** RECORDS FOR THE EXERCISE follows **
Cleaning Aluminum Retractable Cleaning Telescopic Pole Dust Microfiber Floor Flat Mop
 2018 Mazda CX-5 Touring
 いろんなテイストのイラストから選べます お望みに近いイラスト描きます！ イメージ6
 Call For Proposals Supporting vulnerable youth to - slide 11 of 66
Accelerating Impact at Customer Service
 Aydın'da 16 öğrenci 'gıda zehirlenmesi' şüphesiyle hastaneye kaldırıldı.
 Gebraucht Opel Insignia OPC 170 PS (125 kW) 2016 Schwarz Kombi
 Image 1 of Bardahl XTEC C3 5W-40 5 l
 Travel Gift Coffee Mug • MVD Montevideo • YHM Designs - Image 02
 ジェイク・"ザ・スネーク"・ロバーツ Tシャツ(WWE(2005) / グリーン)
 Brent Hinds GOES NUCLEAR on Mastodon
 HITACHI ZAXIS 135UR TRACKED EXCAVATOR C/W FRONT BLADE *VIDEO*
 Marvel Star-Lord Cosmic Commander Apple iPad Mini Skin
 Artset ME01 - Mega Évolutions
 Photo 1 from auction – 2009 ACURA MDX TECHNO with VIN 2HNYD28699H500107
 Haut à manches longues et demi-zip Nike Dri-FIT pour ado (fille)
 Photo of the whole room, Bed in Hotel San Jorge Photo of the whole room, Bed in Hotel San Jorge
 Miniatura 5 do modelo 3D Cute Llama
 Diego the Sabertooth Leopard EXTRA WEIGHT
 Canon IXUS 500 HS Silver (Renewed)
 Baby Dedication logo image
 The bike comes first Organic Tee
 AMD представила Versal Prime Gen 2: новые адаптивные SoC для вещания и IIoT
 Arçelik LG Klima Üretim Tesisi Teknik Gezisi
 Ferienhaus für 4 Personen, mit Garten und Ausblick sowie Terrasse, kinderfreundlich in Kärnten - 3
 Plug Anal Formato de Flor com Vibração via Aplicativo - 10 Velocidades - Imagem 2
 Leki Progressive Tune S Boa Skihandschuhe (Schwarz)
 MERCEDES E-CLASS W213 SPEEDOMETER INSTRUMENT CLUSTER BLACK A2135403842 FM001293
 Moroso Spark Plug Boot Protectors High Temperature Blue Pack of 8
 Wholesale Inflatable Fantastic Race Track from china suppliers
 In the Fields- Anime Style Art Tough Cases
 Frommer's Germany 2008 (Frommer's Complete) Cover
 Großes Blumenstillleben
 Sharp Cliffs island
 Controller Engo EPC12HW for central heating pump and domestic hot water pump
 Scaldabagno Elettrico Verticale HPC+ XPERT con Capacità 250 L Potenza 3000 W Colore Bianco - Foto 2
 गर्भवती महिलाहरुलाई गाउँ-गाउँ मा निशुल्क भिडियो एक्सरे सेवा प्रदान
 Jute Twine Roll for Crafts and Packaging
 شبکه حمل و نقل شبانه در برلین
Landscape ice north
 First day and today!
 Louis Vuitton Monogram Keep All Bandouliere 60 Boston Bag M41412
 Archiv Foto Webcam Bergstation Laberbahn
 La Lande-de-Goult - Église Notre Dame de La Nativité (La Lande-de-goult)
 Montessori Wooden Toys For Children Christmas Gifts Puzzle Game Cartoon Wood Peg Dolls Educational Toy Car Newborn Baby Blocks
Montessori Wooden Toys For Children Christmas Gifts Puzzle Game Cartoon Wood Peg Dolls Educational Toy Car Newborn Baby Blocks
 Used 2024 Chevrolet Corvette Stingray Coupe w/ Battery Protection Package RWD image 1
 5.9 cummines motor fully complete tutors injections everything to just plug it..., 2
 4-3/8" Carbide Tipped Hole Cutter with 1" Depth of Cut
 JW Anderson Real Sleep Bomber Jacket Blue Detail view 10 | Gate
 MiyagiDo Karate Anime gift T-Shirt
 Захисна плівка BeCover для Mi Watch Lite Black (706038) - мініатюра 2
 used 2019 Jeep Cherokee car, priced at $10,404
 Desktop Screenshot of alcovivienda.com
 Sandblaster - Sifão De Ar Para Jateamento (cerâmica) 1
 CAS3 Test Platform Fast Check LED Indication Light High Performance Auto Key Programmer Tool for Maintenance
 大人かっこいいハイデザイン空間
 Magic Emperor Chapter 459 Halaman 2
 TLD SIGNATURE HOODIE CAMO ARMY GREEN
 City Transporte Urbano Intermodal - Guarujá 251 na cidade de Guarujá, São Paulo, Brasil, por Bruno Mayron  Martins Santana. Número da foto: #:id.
** End of RECORDS FOR THE EXERCISE **
Give back exactly the lines above starting at the line where "Leki Progressive Tune" appears and ending at the line where "गर्भवती महिलाहरुलाई गाउँ-गाउँ" appears, both included, with no other lines.

 Leki Progressive Tune S Boa Skihandschuhe (Schwarz)
 MERCEDES E-CLASS W213 SPEEDOMETER INSTRUMENT CLUSTER BLACK A2135403842 FM001293
 Moroso Spark Plug Boot Protectors High Temperature Blue Pack of 8
 Wholesale Inflatable Fantastic Race Track from china suppliers
 In the Fields- Anime Style Art Tough Cases
 Frommer's Germany 2008 (Frommer's Complete) Cover
 Großes Blumenstillleben
 Sharp Cliffs island
 Controller Engo EPC12HW for central heating pump and domestic hot water pump
 Scaldabagno Elettrico Verticale HPC+ XPERT con Capacità 250 L Potenza 3000 W Colore Bianco - Foto 2
 गर्भवती महिलाहरुलाई गाउँ-गाउँ मा निशुल्क भिडियो एक्सरे सेवा प्रदान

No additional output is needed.